Well, in order to convey its meaning, the chapter must be intelligible; it must be written in a language common to reader and writer, in this case English; and this language must be written according to contemporary standards of word usage, grammar, sentence building, punctuation, paragraphing, so that the reader will not encounter improper obstacles to his effort of understanding the chapter’s meaning. But that is not enough. For the chapter is not a piece of information about familiar objects of the external world; rather, it seeks to communicate an act of participation in the quest for truth. Besides satisfying standards of intelligibility in the everyday sense of reference to objects, the language must be common in the sense of communicating the meanings in the area of the existential quest; it must be able to convey the meanings of a philosopher’s experience, meditation, and exegetic analysis.

This philosopher’s language, however, does not begin with the present chapter either, but has been structured by a millennial history of the philosophers’ quest for truth, a history that has not stopped at some point in the past but is continuing in the present effort between reader and writer. The social field constituted by the philosophers’ language, thus, is not limited to communication through the spoken and written word among contemporaries, but extends historically from a distant past, through the present, into the future.

The Paradox of Consciousness

By now the Beginning has wandered from the opening of the chapter to its end, from the end of the chapter to its whole, from the whole to the English language as the means of communication between reader and writer, and from the process of communication in English to a philosophers’ language that communicates among the participants in the millennial process of the quest for truth.
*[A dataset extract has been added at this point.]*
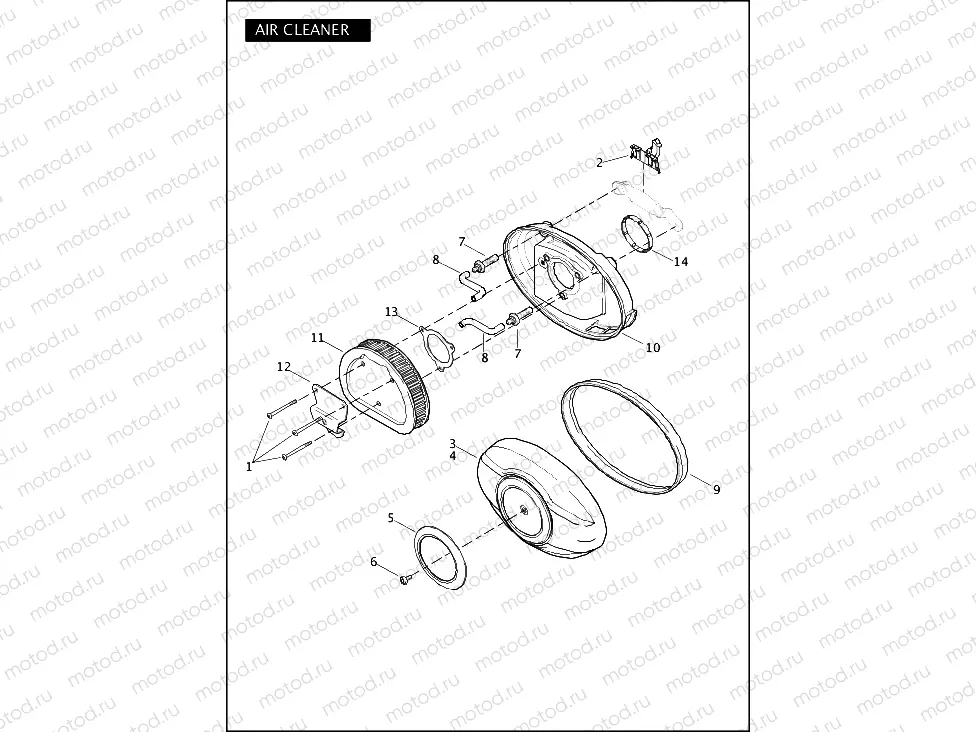 AIR CLEANER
And still the way of the beginning has not reached the end that would be intelligible as its true beginning; for the appearance of a “philosophers’ language” raises new questions concerning a problem that begins to look rather like a complex of problems.

There is something peculiar about the “philosophers’ language:” In order to be intelligible, it had to be spoken in one of the several ethnic, imperial, and national languages that have developed ever since antiquity, although it does not seem to be identical with any one of them; and yet, while it is not identical with any one of the considerable number of ancient and modern languages in which it has been spoken, they all have left, and are leaving, their specific traces of meaning in the language used, and expected to be understood, in the present chapter; but then again, in its millennial course the quest for truth has developed, and is still developing, a language of its own. What is the structure in reality that will induce, when experienced, this equivocal use of the term “language”?

The equivocation is induced by the paradoxical structure of consciousness and its relation to reality. On the one hand, we speak of consciousness as a something located in human beings in their bodily existence. In relation to this concretely embodied consciousness, reality assumes the position of an object intended. Moreover, by its position as an object intended by a consciousness that is bodily located, reality itself acquires a metaphorical touch of external thingness. We use this metaphor in such phrases as “being conscious of something,” “remembering or imagining something,” “thinking about something,” “studying or exploring something.” I shall, therefore, call this structure of consciousness its intentionality, and the corresponding structure of reality its thingness.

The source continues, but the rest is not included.